A point cloud is a set of points in 3D space which can have associated attributes such as color or normals. Point clouds are essential for numerous applications ranging from archeology and architecture to virtual and mixed reality. Since they can contain millions of points with complex attributes, efficient point cloud compression (PCC) is essential to make these applications feasible in practice.
When compressing a point cloud, we usually consider two aspects: the geometry, that is the 3D coordinates of each individual point; and the attributes, for example RGB colors. Also, we can differentiate dynamic point clouds, which change in the temporal dimension, from static point clouds.
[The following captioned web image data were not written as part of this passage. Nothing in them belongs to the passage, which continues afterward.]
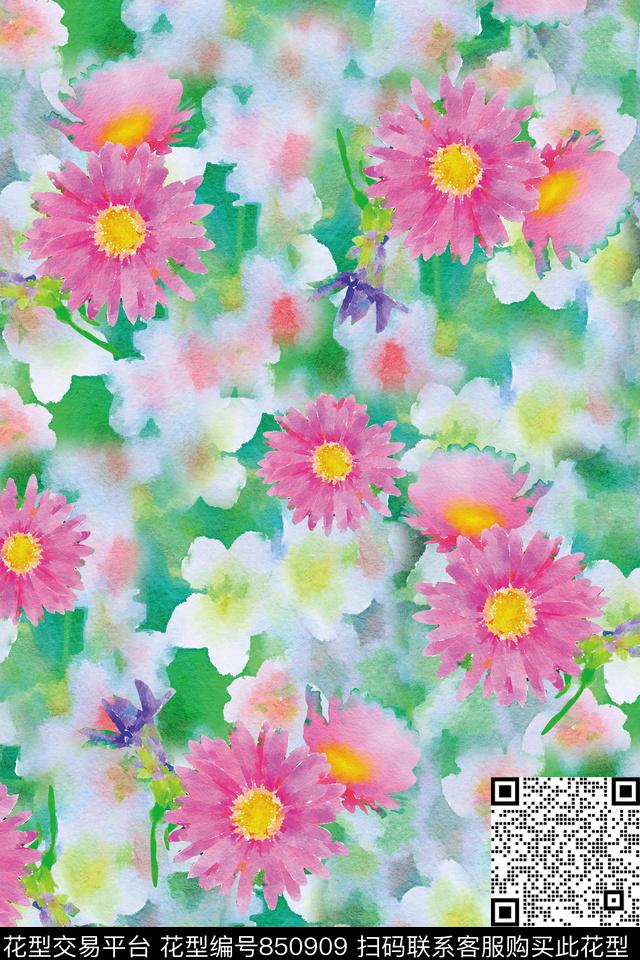 花卉花朵手绘数码印花华亿平台下载（图片编号: 850909） - 瓦栏（Walan）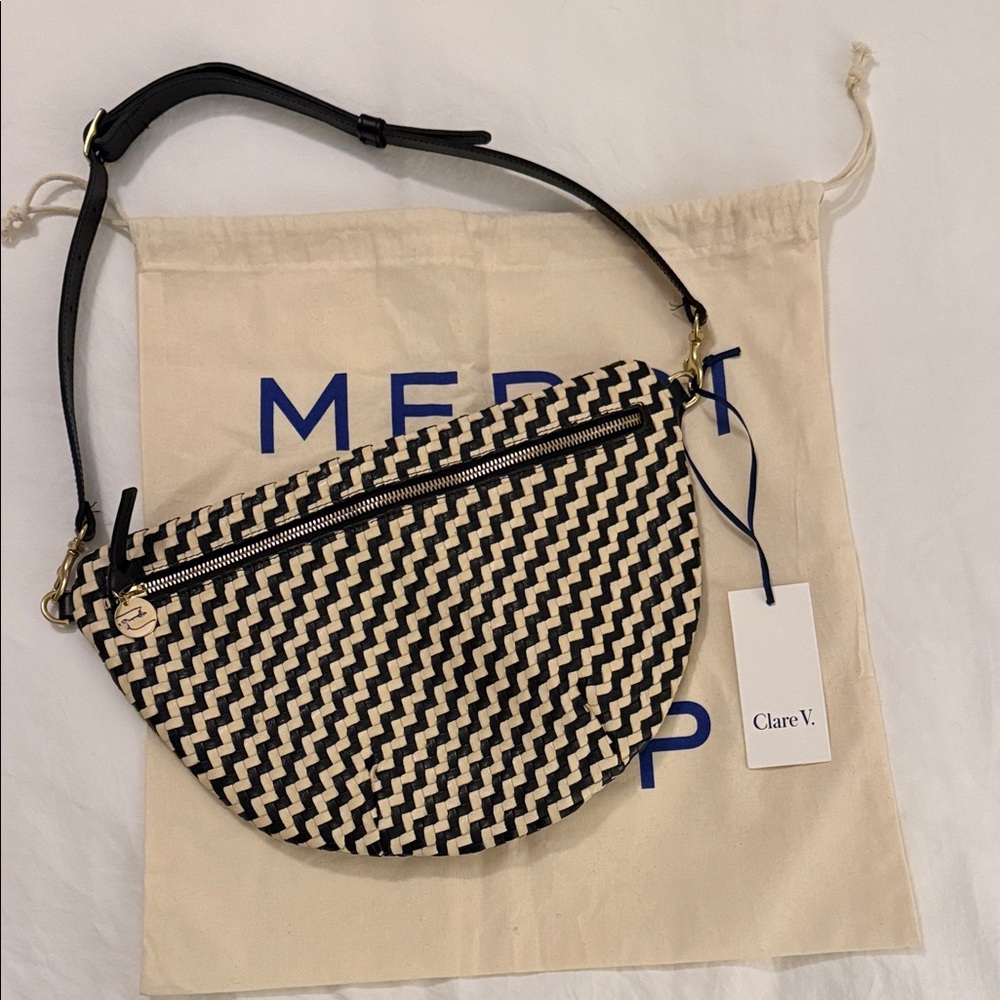 Clare V Grande Fanny Black and White Zigzag Crossbody Bag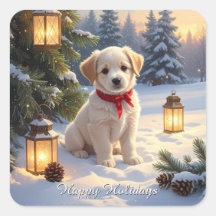 Cute Puppy in the Snow Stickers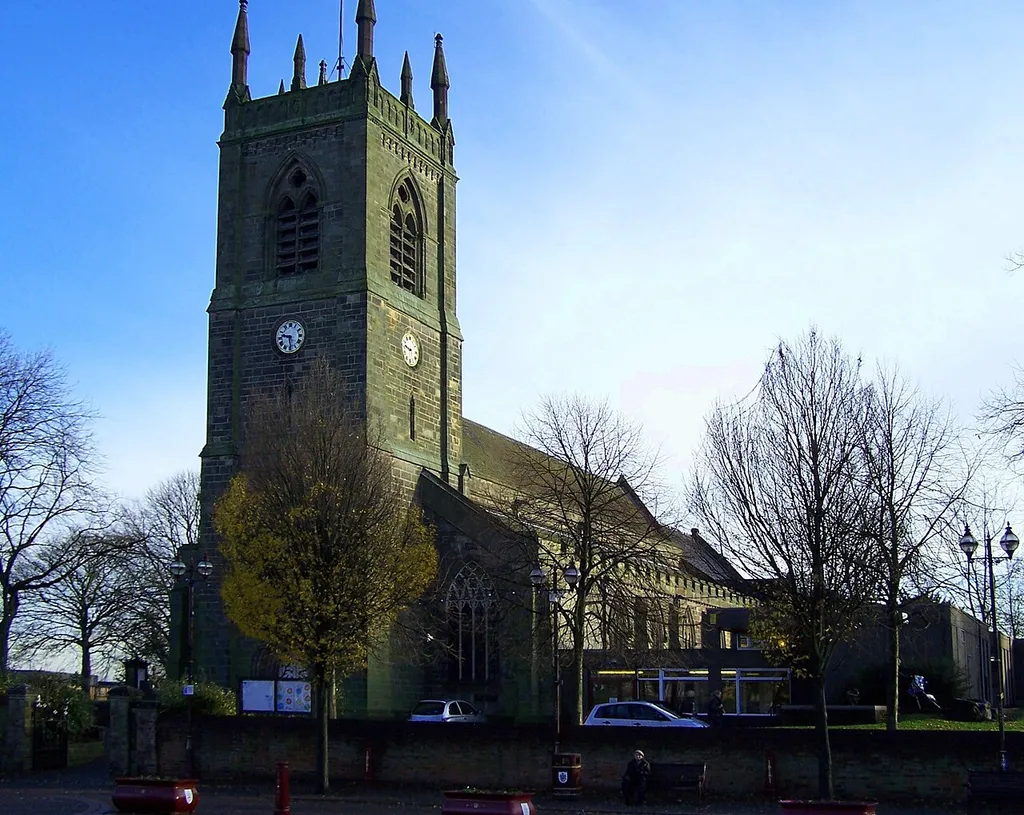 St Mary's parish church, Ilkeston, Derbyshire, seen from the southwest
The Moving Picture Experts Group (MPEG) is leading PCC standardization efforts [schwarz_emerging_2018]. Specifically, two main solutions have emerged: the first one, Geometry PCC (GPCC), uses native 3D data structures; while the second one, Video-based PCC (VPCC), targets mainly dynamic point clouds, and projects the data on a 2D plane to make use of available video codecs such as HEVC.
Point clouds can be interpreted as a 2D discrete manifold in 3D space. Thus, instead of compressing point cloud attributes using 3D structures such as octrees, we could fold this 2D manifold onto an image. This opens many avenues of research, as it provides, e.g., a way to apply existing image processing techniques straightforwardly on point cloud attributes. In this work, we propose a novel system for folding a point cloud and mapping its attributes to a 2D grid. Furthermore, we demonstrate that the proposed approach can be used to compress static point cloud attributes efficiently.
2 Related Work
Our work is at the crossroads of static point cloud attribute compression and deep representation learning of 3D data. Compressing static point cloud attributes has been explored using graph transforms [zhang_point_2014], the Region-Adaptive Hierarchical Transform (RAHT) [queiroz_compression_2016] and volumetric functions [krivokuca_volumetric_2018]
. Graph transforms take advantage of the Graph Fourier Transform (GFT) and the neighborhood structure present in the 3D space to compress point cloud attributes. The RAHT provides a hierarchical transform which extends the Haar wavelet transform to an octree representation. In this paper, we propose a different perspective, and leverage the manifold interpretation of the point cloud by flattening its attributes onto a 2D grid, which can then be compressed as an image.
Deep learning methods have been used for representation learning and compression of point clouds [quach_learning_2019]. In particular, the initial folding in our work is inspired by [yang_foldingnet:_2017]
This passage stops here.